With the launch of the first needle exchange program in New York City in 1988, the harm reduction movement emerged as such a solution. At first controversial, needle exchanges were eventually accepted as standard practice across the nation and helped stem the spread of HIV in intravenous drug users.
As a former heroin addict, I utilized needle exchanges and likely avoided HIV because of it. In fact, I was accepted into a detox center through a needle exchange program in Los Angeles. This was years ago, however, when the harm reduction movement went hand-in-hand with treatment.
Needle exchanges were introduced to incentivize drug users to trade in their dirty needles for clean ones.
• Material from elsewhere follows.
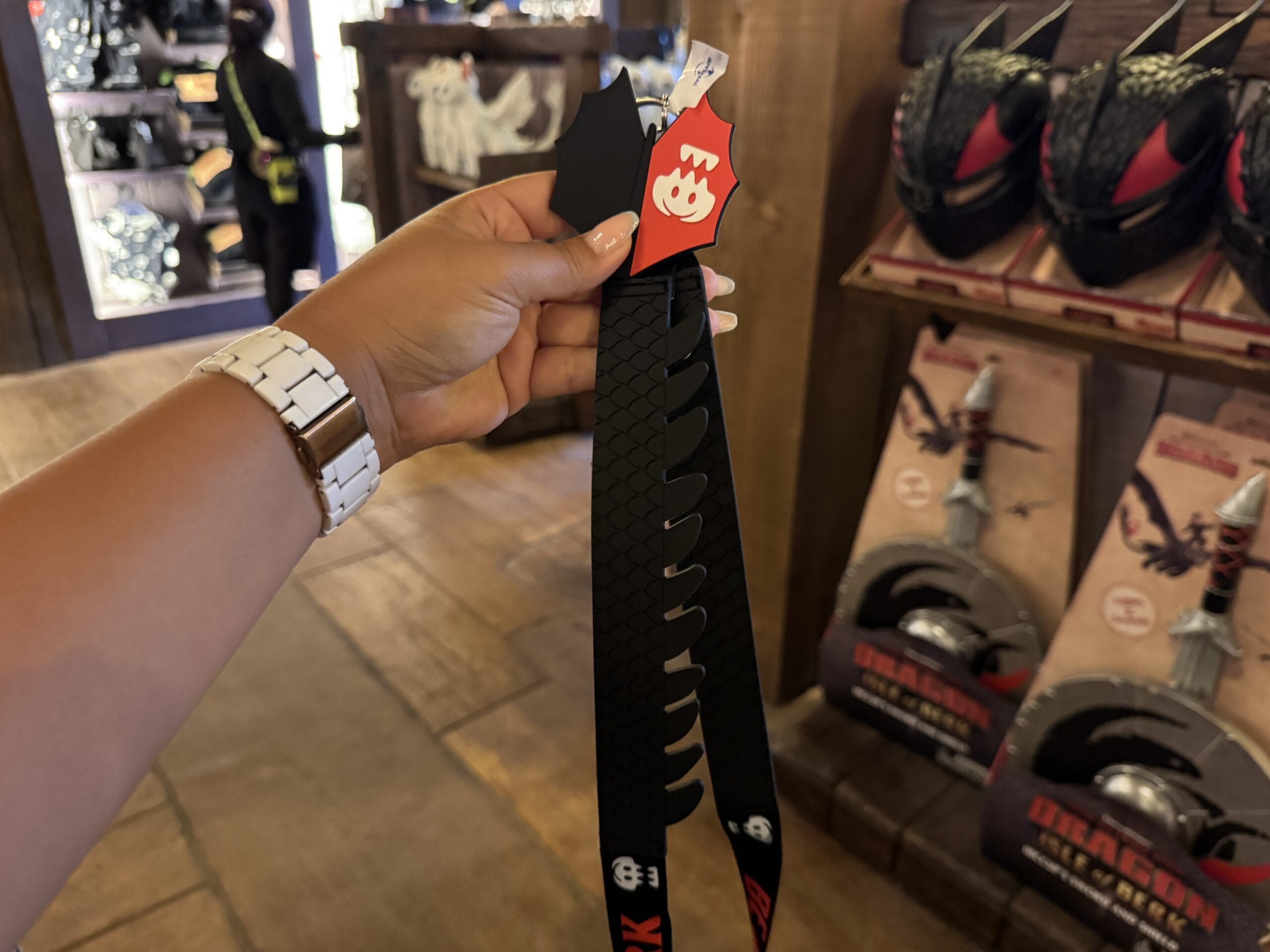A hand holds a black Mario-themed lanyard in a store near dragon helmets at Hiccup's Work Shop.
This is where the term “harm reduction” comes from, the literal reduction in harm – such as the prevention of new HIV infections. Such methods worked, but once the AIDS epidemic receded, harm reduction began to transform into something entirely different – an all-encompassing support system for drug addicts. It’s a strategy increasingly being touted by Washington, where Pres. Biden named harm reduction as a core element of his Administration’s drug policies.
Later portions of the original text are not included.